Secondarily, 5-FU might selectively kill or suppress TP-overexpressing cells. Many basic and clinical studies have indicated that 5-FU-contaning regimens are more effective for TP-overexpressing tumour cells as compared with TP-less-expressing tumour cells (Fox et al, 1997; Evrard et al, 1999; Gasparini et al, 1999; Morita et al, 2001; Yang et al, 2002). Therefore, these two scenarios should be further studied. Thymidine phosphorylase is stress-induced and, basically, TP is shown to be an enzyme that contributes to cell survival, because 2-DDR, a metabolite of thymidine via TP, induces neovascularisation and contributes to antiapoptosis (Haraguchi et al, 1994). After exposure to chemotherapy, TP might also function as mechanism for survival by the tumour cells. Based upon this hypothesis, a sequential treatment consisting of TP-upregulating chemotherapy followed by TP-dependent chemotherapy, such as by capecitabine, might be a reasonable therapeutic approach. In fact, the combination treatment with taxane and capecitabine showed a synergistic effect in animal experiments (Sawada et al, 1998) and induced a significant improvement in the survival of metastatic breast cancer patients (O'Shaughnessy et al, 2002).

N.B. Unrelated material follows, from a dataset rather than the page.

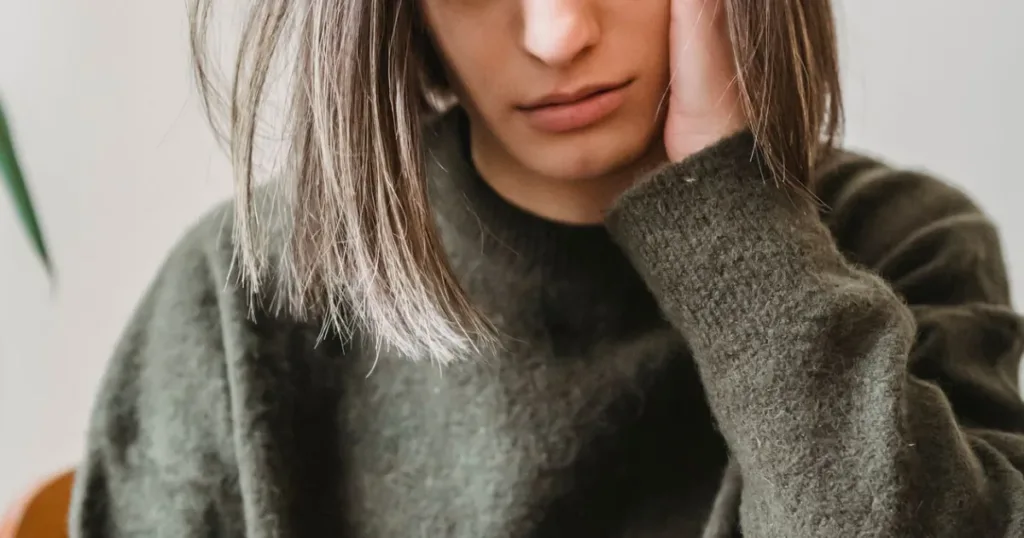 Worried woman anxiously browsing her phone at home, reflecting concern over being blacklisted or a bad credit report.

Therefore, the examination of TP expression in detail might provide various ideas to consider about optimal combinations in dosage and timing between capecitabine and other chemotherapeutic drugs. For example, a TC or TAC regimen might be promising to induce maximal TP expression. Furthermore, in cases where TP is not upregulated after the initial chemotherapy, the subsequent capecitabine monotherapy might not be effective.

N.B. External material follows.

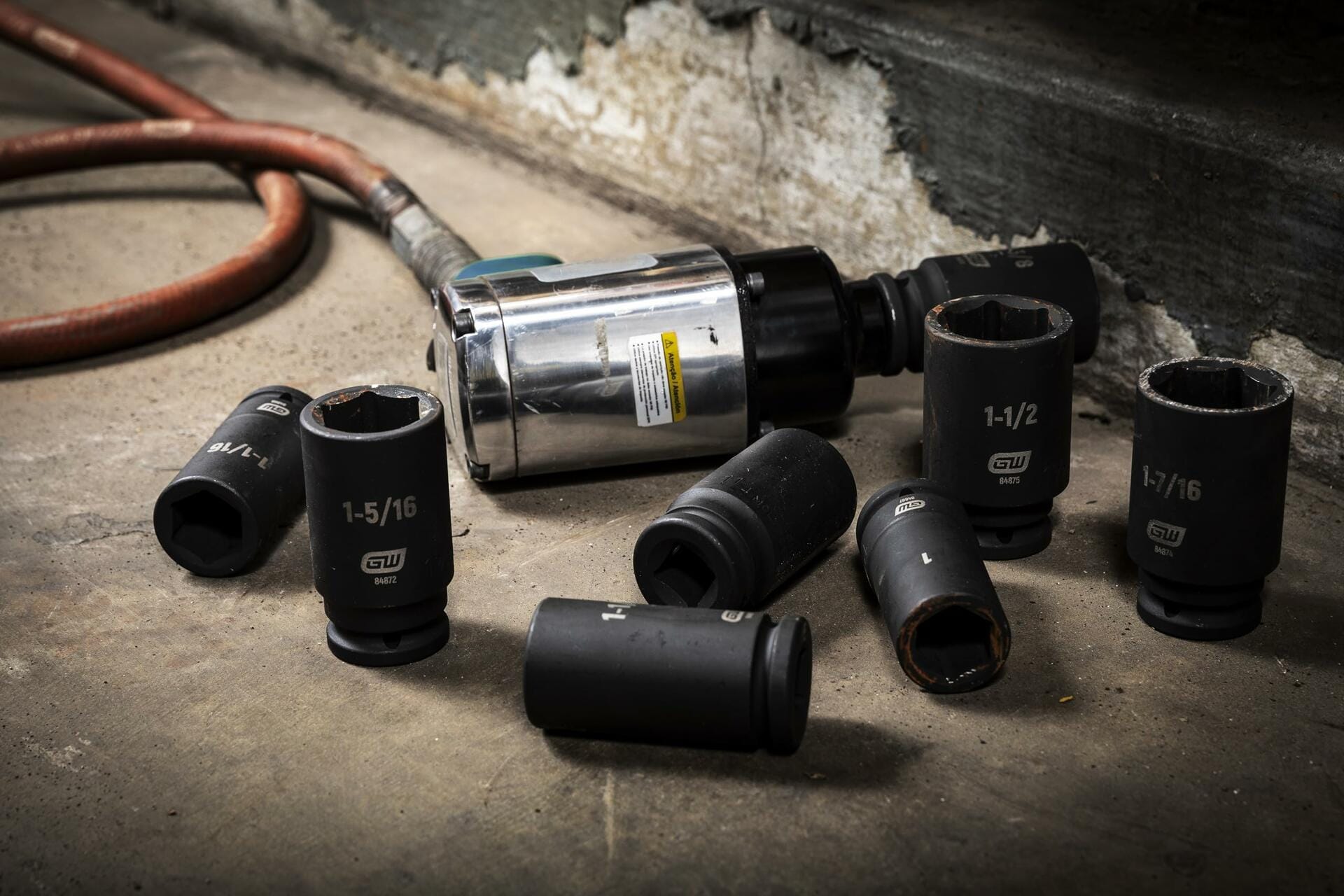 Several black GEARWRENCH deep impact sockets, including 1-5/16 and 1-1/2 inch sizes, lying on a concrete shop floor next to a pneumatic impact wrench and air hose.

In conclusion, TP is frequently up- or down-regulated after EC/AC- or taxane-containing chemotherapy in primary breast tumour tissues. The upregulated levels of TP are less for 5-FU-containing regimens. Thymidine phosphorylase is indeed upregulated by several anticancer drugs in human breast cancer cells, including both tumour and stromal cells; however, there are variations in the level. Thus, it is important to consider an individual strategy for sensitisation of breast tumour tissues to 5-FU by chemotherapy through TP.